• [Supplied data]:
====

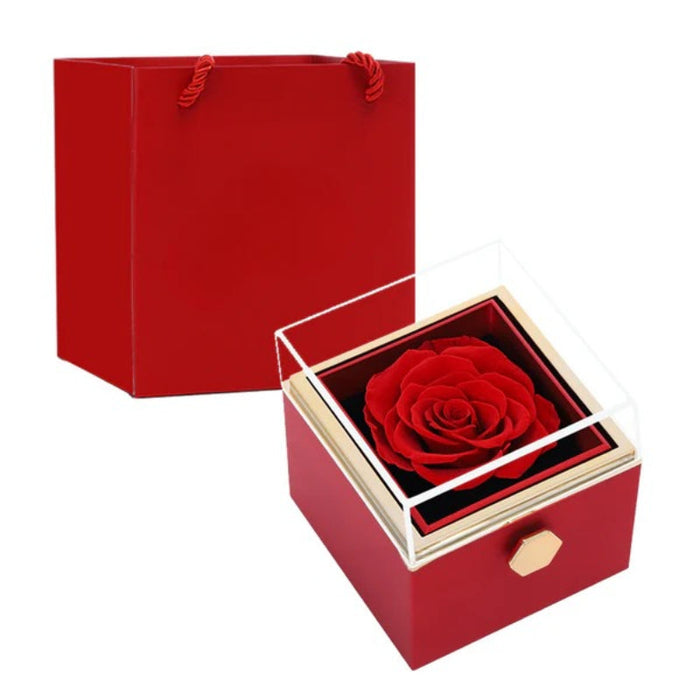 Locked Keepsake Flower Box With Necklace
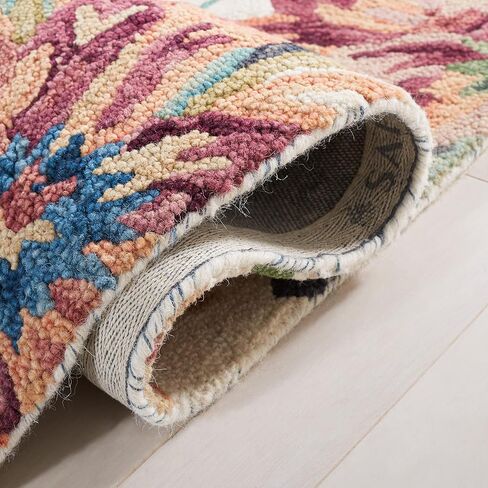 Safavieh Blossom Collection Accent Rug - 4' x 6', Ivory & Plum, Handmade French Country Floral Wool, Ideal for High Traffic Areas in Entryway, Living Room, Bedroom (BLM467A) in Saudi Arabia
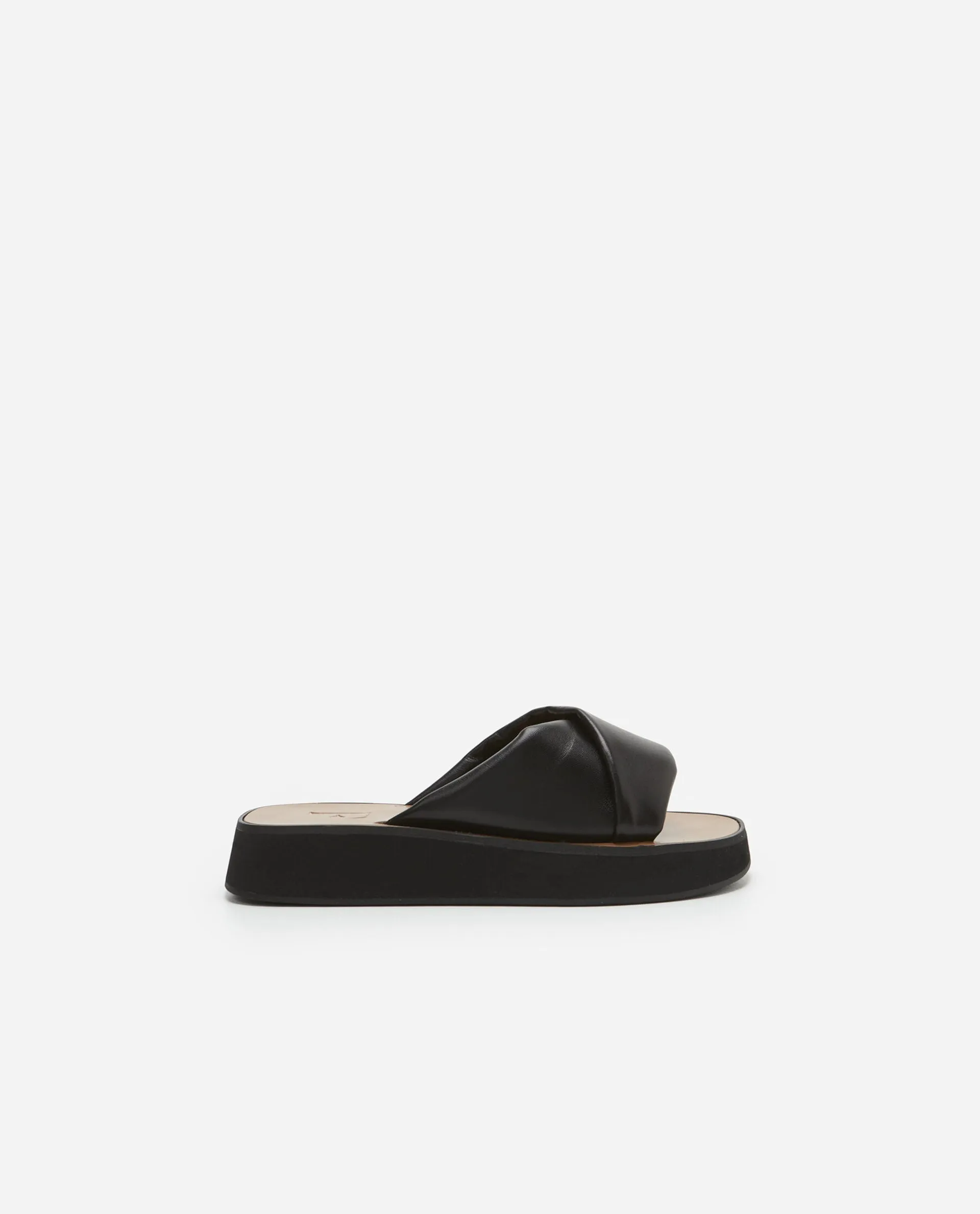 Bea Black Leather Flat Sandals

====

• [Task directions]: Print the whole listing above exactly, and keep every picture out of the copy.

• [Answer to this problem]:
 Locked Keepsake Flower Box With Necklace
 Safavieh Blossom Collection Accent Rug - 4' x 6', Ivory & Plum, Handmade French Country Floral Wool, Ideal for High Traffic Areas in Entryway, Living Room, Bedroom (BLM467A) in Saudi Arabia
 Bea Black Leather Flat Sandals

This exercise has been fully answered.